What you have to do :: Everything in the listing below should be repeated exactly, apart from the pictures.

Collected data ::
^^^^

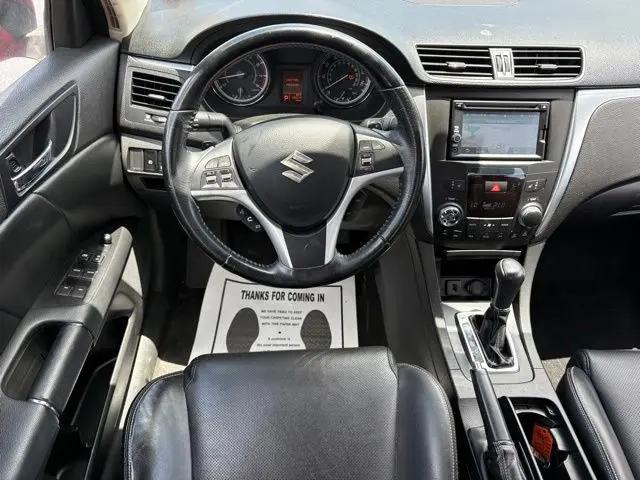 2013 Suzuki Kizashi Sport SLS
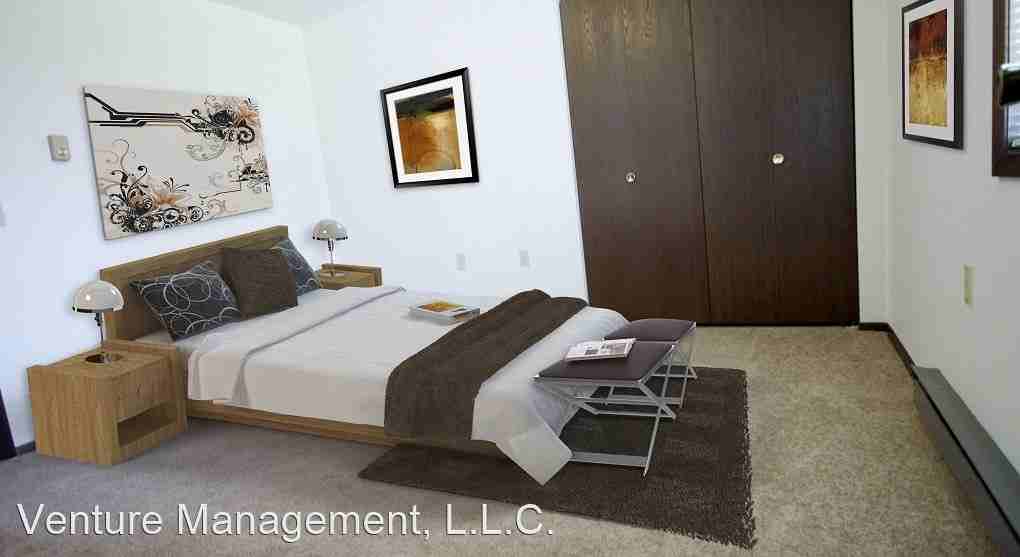 Norwalk Village Estates 1304 Holly Drive - Photo 3 of 7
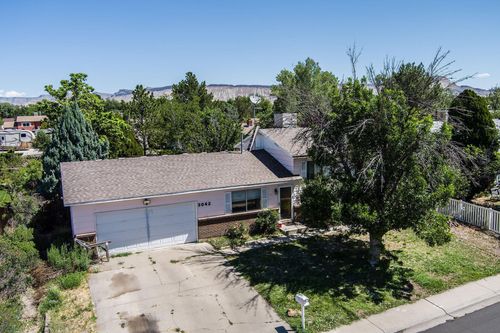 3042 Gunnison Ave, Grand Junction, CO, 81504-2628 | Card Image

^^^^

Your response ::
 2013 Suzuki Kizashi Sport SLS
 Norwalk Village Estates 1304 Holly Drive - Photo 3 of 7
 3042 Gunnison Ave, Grand Junction, CO, 81504-2628 | Card Image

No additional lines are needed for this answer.